Over at A Proposal, I provide some context for my last post, which, despite my efforts, ended on a much more ambiguous note than I’d intended.

In Montreal, for the first time, I began to actively seek out and take pictures of people. Before this, my primary interest had been urban photography. Deserted buildings, bright dumpsters, bricked-in alleyways — these were the things that fascinated me, because of the opportunity they gave me to disorient notions of beauty and urban geography. And being a photographer in spaces like those also troubles notions of a clean divide between the public and the private.

But then in Montreal, people sought me out and asked me to take their pictures. It went to my head.
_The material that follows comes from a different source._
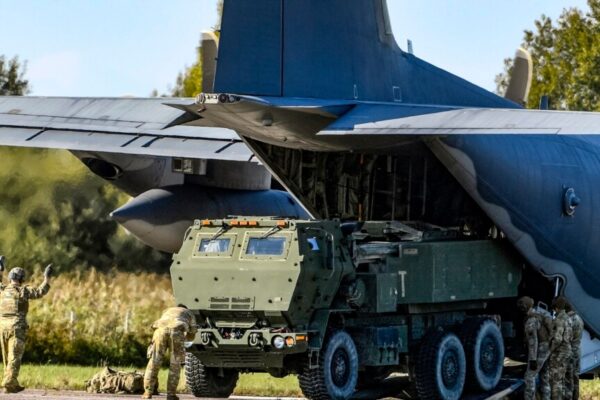 Міністри оборони Польщі та США обговорили допомогу Україні та нові поставки зброї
Montreal is a city full of people constantly on display. Its people take a good picture. So I was surrounded by beautiful people who wanted beautiful pictures, and I was happy to oblige. I became a little giddy.
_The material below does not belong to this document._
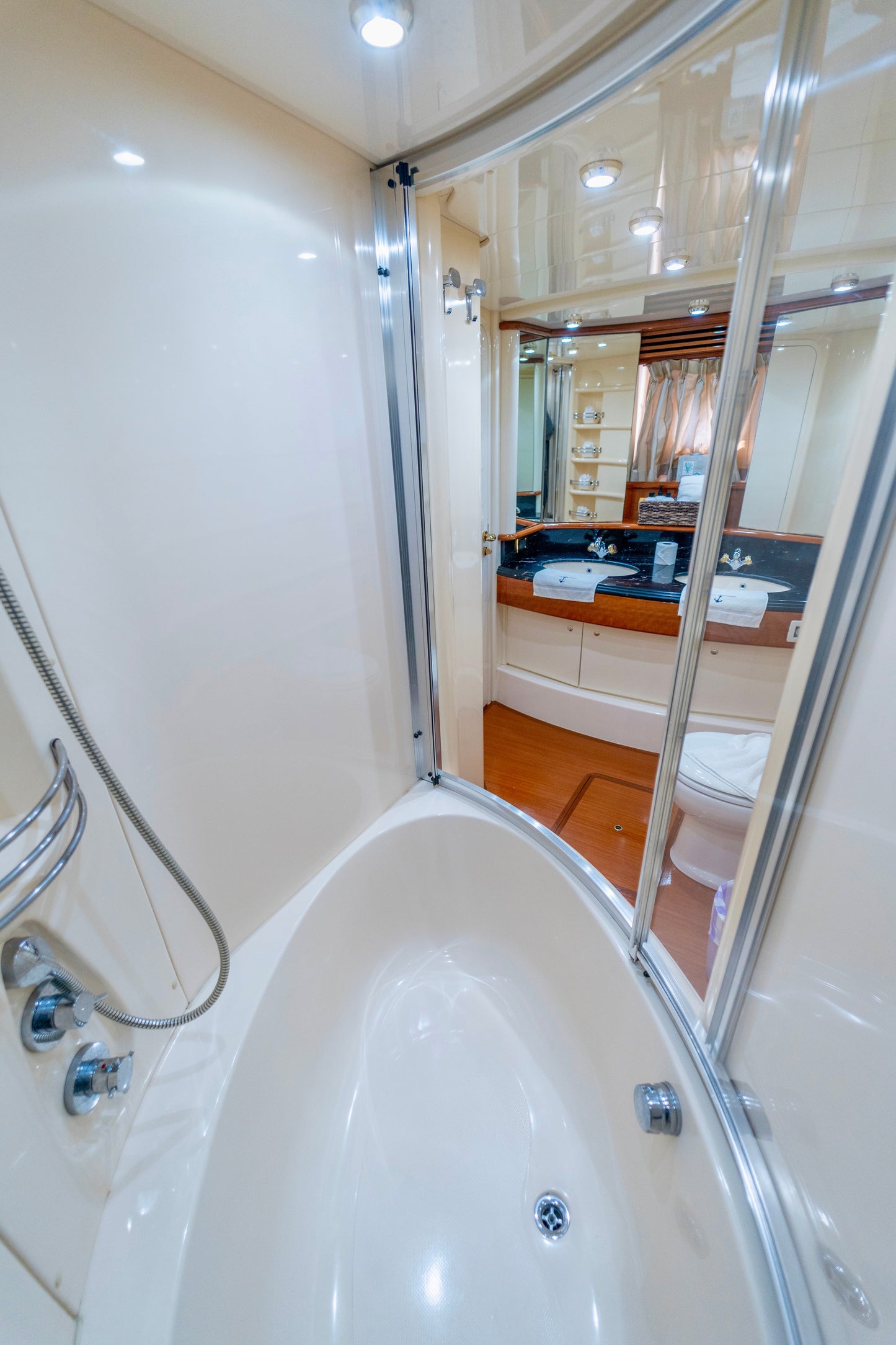 70ft Azimut Container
But I’ve been thinking a lot these days about human bodies and a camera’s relation to them. I’ve been trying to write about it too, and have been getting stuck. I want to draw a parallel between a proprietorial relationship to language and the potentially limiting effect of a camera (at least in terms of the photographer’s relationship to the models/bodies). There is something so surgical about the process that I have vague, inarticulate concerns …

Meanwhile, I have half a dozen concepts swirling in my head, and am terribly excited to start recruiting models to help in their execution in about 2 weeks.